Cependant, cette première quinzaine du mois d’août a été riche en événements qui ont chamboulé « le train-train » des rédactions et les ont mis sur le qui-vive. À l’échelle de la wilaya de Bouira et outre l’épizootie de la fièvre aphteuse, c’est le front social qui s’est mis en ébullition, prenant tout le monde de court. En effet, la contestation sociale est en Algérie « un marronnier », ce qui signifie dans le jargon journalistique « un sujet récurrent ». Le lecteur y a droit et servit à toutes les sauces, à partir du mois de septembre. Mais cette année, c’est la précocité de cette grogne sociale qui interpelle. Les routes fermées, les sièges des institutions encerclés, les pneus enflammés et autres manifestations de mécontentements sont en soi routiniers.

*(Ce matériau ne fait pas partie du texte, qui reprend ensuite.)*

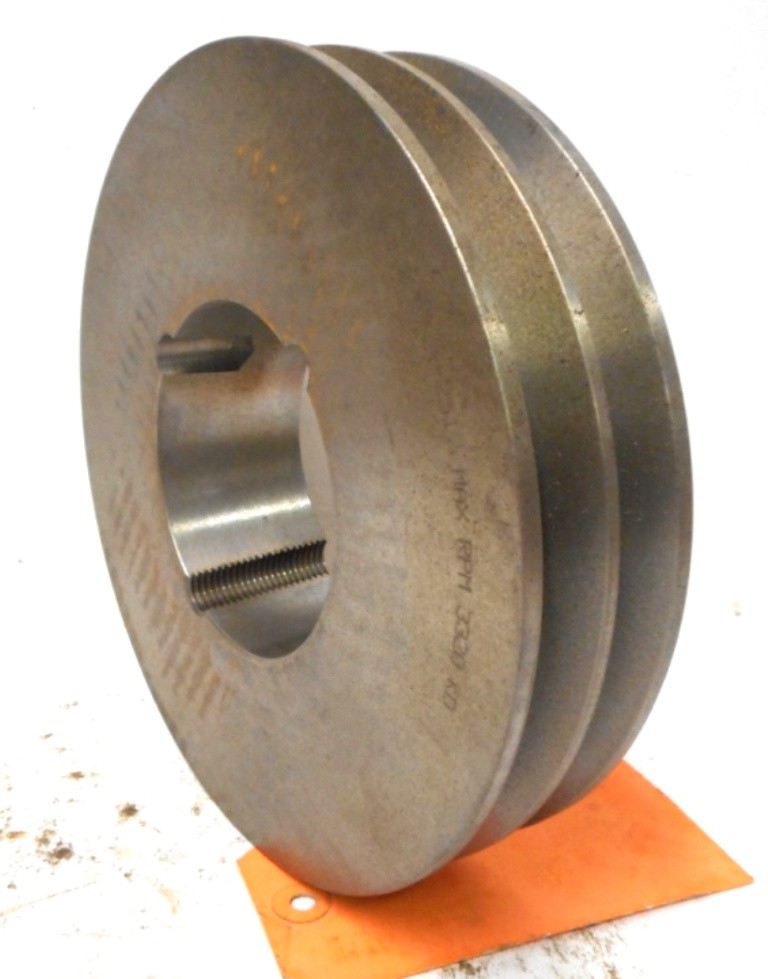 DODGE, TAPER-LOCK SHEAVE, 118044, 2A7.0B7.4-2517, 2 GROOVES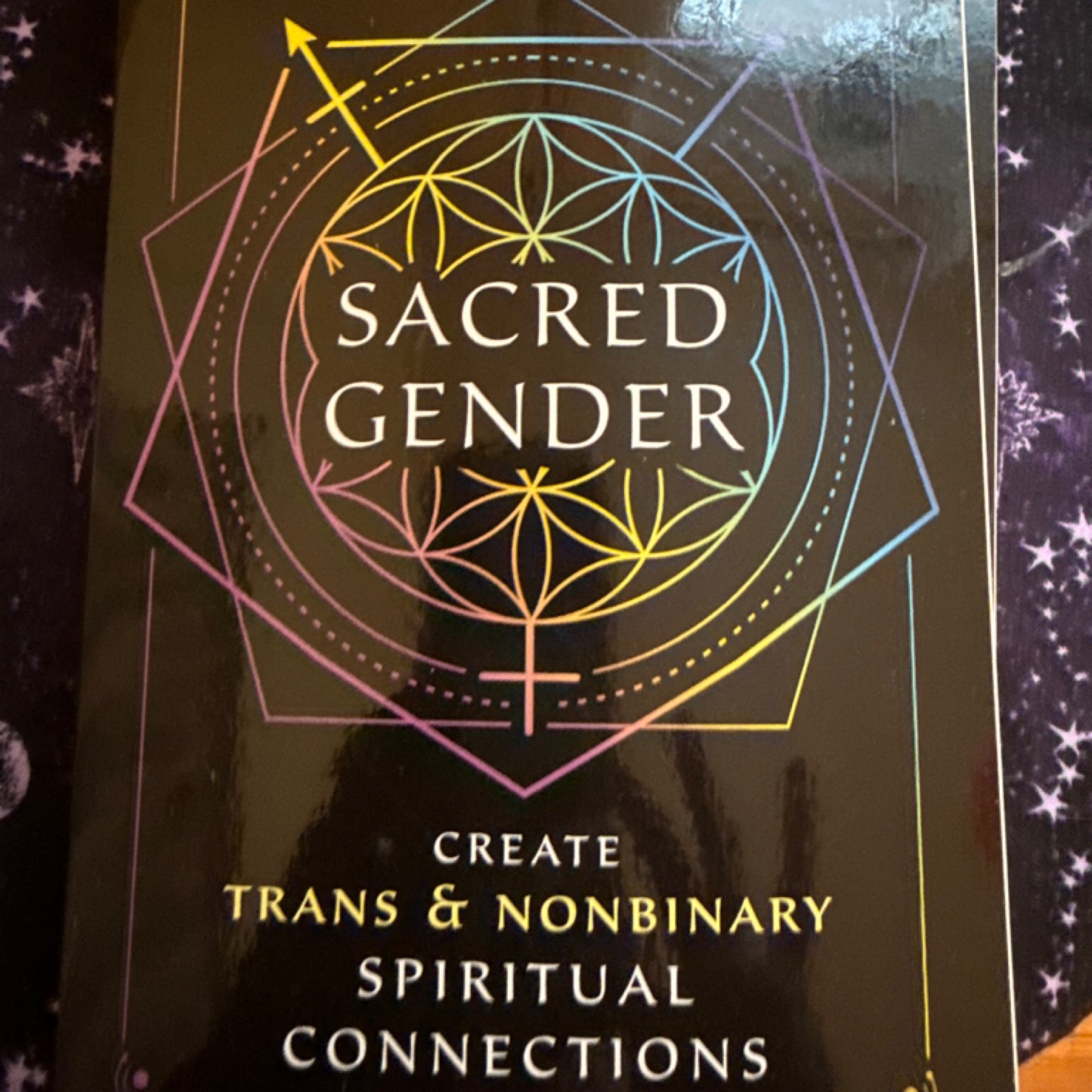 Sacred Gender by Ariana Serpentine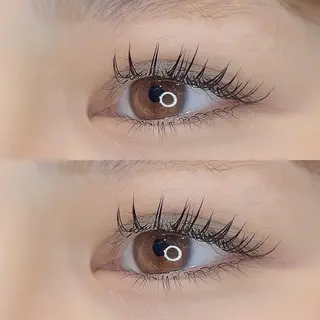 マツエク・マツパ MARI .のマツエク・マツパデザイン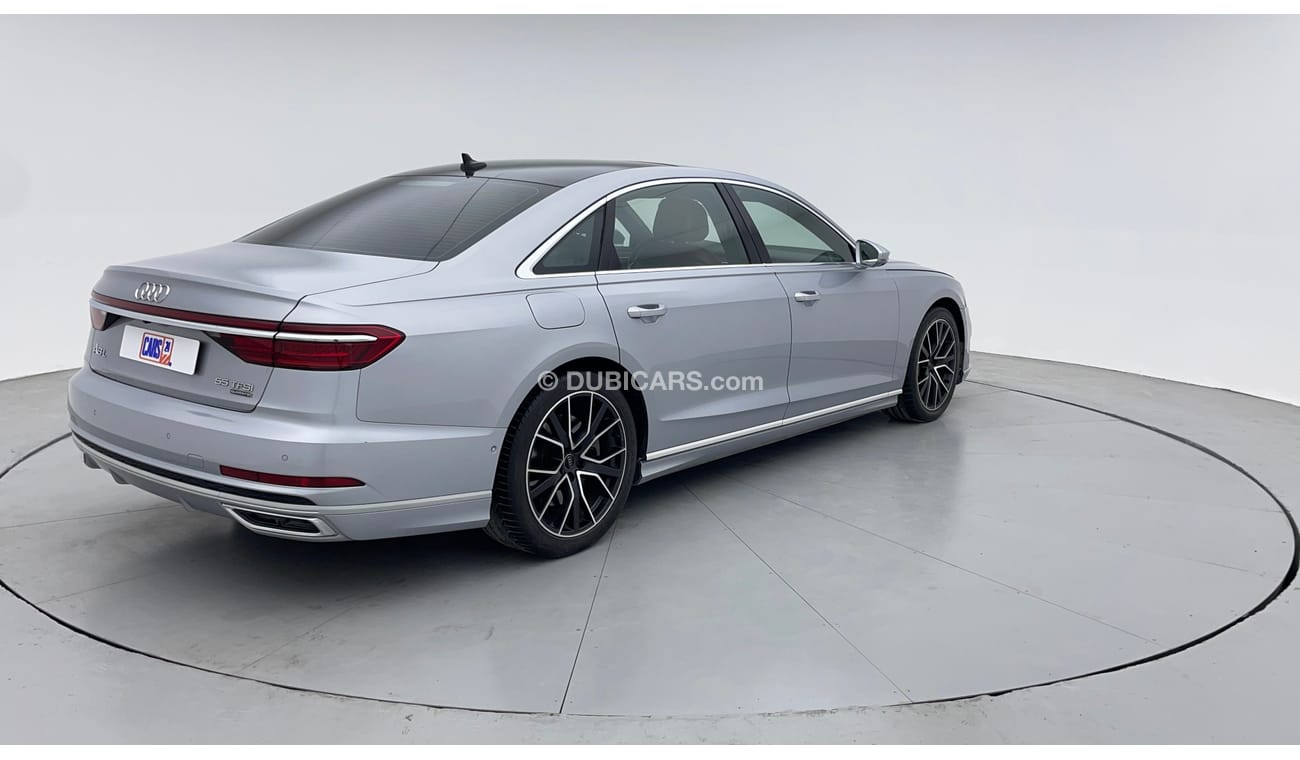 Audi A8 55 TFSI QUATTRO 3 | Zero Down Payment | Free Home Test Drive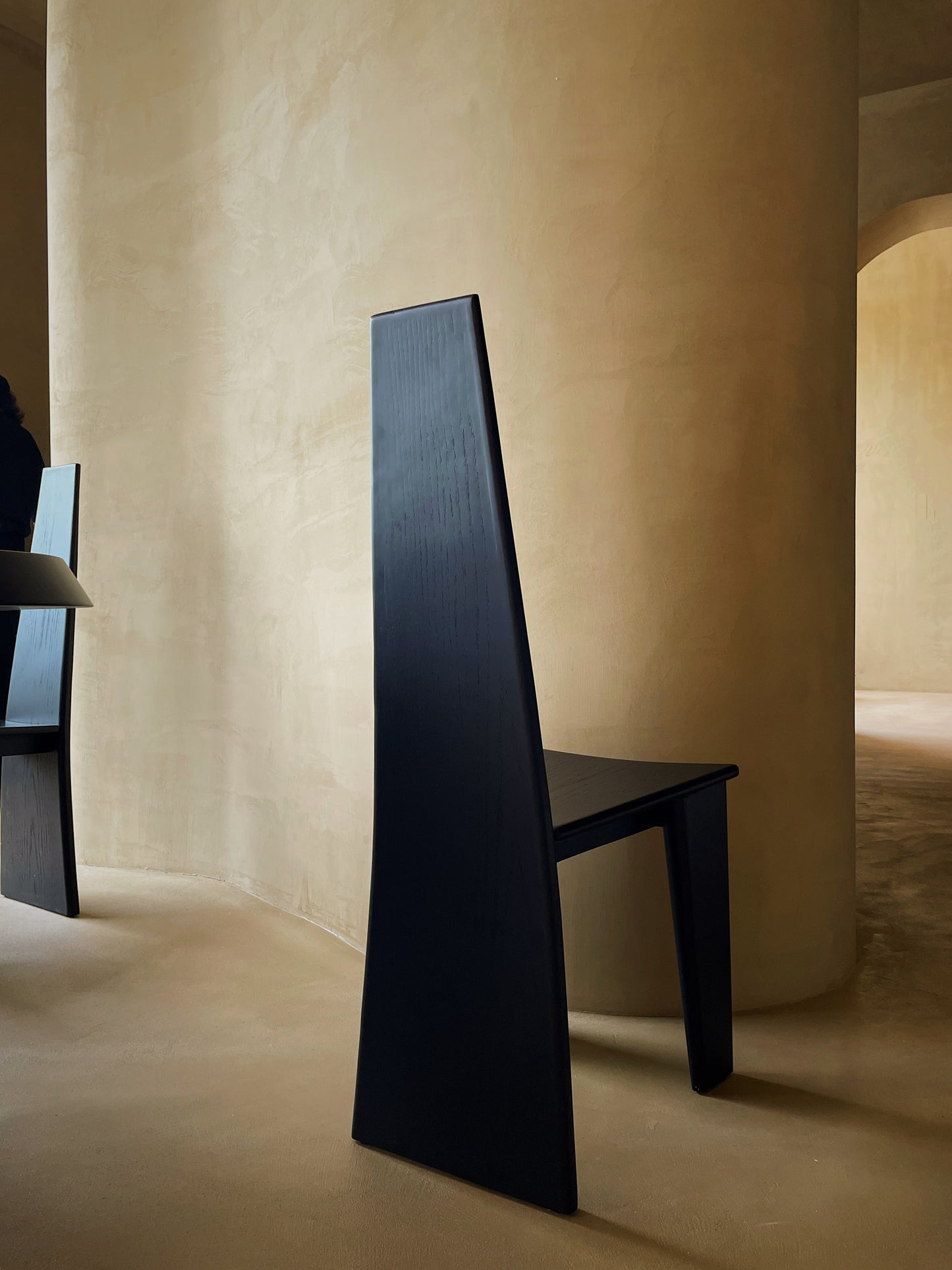 High Back Chair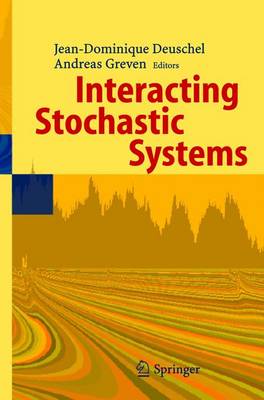 Book cover for Interacting Stochastic Systems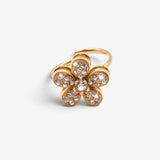 BAGUE TOURNESOL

Brève chronique d’une quinzaine houleuse.

L’eau « source » de mécontentement

 

Tout d’abord, il y a eu le problème de l’eau potable. Ce précieux liquide et sa rareté dans les robinets qui ne cesse de faire sortir les citoyens dans la rue. Il est source, sans jeu de mot aucun, d’un mécontentement généralisé. Les milliards engloutis afin de le faire parvenir aux foyers, conjugués aux défaillances des uns et des autres, exaspèrent au plus haut point les citoyens qui se voient restreindre l’accès à cette commodité vitale. Au début de ce mois en cours, les citoyens de plusieurs communes de la wilaya, à l’image de Haïzer, Bechloul et Lakhdaria ont fait montre de leur indignation vis-à-vis de cette situation, jugée grotesque. Ainsi, les habitants du chef-lieu de la commune de Haïzer avaient fermé la RN33 ainsi que le siège de l’ADE locale, dans le but de réclamer une meilleure distribution de « l’or bleu ». « L’eau n’arrive que rarement dans nos robinets et au moment de payer la facture, les agents de l’ADE n’hésitent pas à venir nous couper le compteur au moindre défaut de paiement. C’est un scandale », se sont indignés bon nombre de manifestants. Pour d’autres, la situation qui prévaut à Haïzer est « ridicule », car d’après les contestataires, le réseau d’AEP a fait,  récemment, l’objet d’une complète rénovation, mais les coupures se reproduisent toujours. «Pendant le mois de Ramadhan passé nous avons souffert le martyr ! Nous avons espéré une amélioration de notre alimentation en eau, mais rien ne se pointe à l’horizon pour nous soulager. C’est pour cela que nous avons décidé de manifester aujourd’hui », expliquera un citoyen de la même municipalité. Même topo du côté de Bechloul et Lakhdaria, où les citoyens avaient exprimé leur « ras-le-bol » face à ces coupures d’eau.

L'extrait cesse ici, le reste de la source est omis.